Each record that follows must be given again without alteration.

[Entries taken from a collection]
───

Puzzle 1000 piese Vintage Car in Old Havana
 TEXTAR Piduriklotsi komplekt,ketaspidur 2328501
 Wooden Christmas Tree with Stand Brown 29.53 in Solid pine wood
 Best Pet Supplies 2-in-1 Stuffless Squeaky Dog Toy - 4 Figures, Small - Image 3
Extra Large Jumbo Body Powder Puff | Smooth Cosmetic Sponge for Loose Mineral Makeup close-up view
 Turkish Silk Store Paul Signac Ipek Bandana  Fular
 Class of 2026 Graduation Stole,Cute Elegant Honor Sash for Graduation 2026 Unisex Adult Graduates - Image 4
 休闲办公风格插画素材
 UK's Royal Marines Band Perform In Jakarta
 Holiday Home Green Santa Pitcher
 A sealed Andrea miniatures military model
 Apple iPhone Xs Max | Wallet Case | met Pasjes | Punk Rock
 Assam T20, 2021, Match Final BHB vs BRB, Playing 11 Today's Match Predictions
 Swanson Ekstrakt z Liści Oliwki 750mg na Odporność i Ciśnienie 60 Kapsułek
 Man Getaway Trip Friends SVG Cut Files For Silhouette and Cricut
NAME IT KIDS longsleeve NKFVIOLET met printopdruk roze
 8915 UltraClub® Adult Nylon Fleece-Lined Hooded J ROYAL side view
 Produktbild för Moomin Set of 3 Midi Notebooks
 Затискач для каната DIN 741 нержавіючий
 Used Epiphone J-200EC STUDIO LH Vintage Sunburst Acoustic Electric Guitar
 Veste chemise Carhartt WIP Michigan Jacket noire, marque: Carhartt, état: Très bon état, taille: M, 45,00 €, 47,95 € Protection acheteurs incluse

───

__RESULT OF THIS TASK__.
Puzzle 1000 piese Vintage Car in Old Havana
 TEXTAR Piduriklotsi komplekt,ketaspidur 2328501
 Wooden Christmas Tree with Stand Brown 29.53 in Solid pine wood
 Best Pet Supplies 2-in-1 Stuffless Squeaky Dog Toy - 4 Figures, Small - Image 3
Extra Large Jumbo Body Powder Puff | Smooth Cosmetic Sponge for Loose Mineral Makeup close-up view
 Turkish Silk Store Paul Signac Ipek Bandana  Fular
 Class of 2026 Graduation Stole,Cute Elegant Honor Sash for Graduation 2026 Unisex Adult Graduates - Image 4
 休闲办公风格插画素材
 UK's Royal Marines Band Perform In Jakarta
 Holiday Home Green Santa Pitcher
 A sealed Andrea miniatures military model
 Apple iPhone Xs Max | Wallet Case | met Pasjes | Punk Rock
 Assam T20, 2021, Match Final BHB vs BRB, Playing 11 Today's Match Predictions
 Swanson Ekstrakt z Liści Oliwki 750mg na Odporność i Ciśnienie 60 Kapsułek
 Man Getaway Trip Friends SVG Cut Files For Silhouette and Cricut
NAME IT KIDS longsleeve NKFVIOLET met printopdruk roze
 8915 UltraClub® Adult Nylon Fleece-Lined Hooded J ROYAL side view
 Produktbild för Moomin Set of 3 Midi Notebooks
 Затискач для каната DIN 741 нержавіючий
 Used Epiphone J-200EC STUDIO LH Vintage Sunburst Acoustic Electric Guitar
 Veste chemise Carhartt WIP Michigan Jacket noire, marque: Carhartt, état: Très bon état, taille: M, 45,00 €, 47,95 € Protection acheteurs incluse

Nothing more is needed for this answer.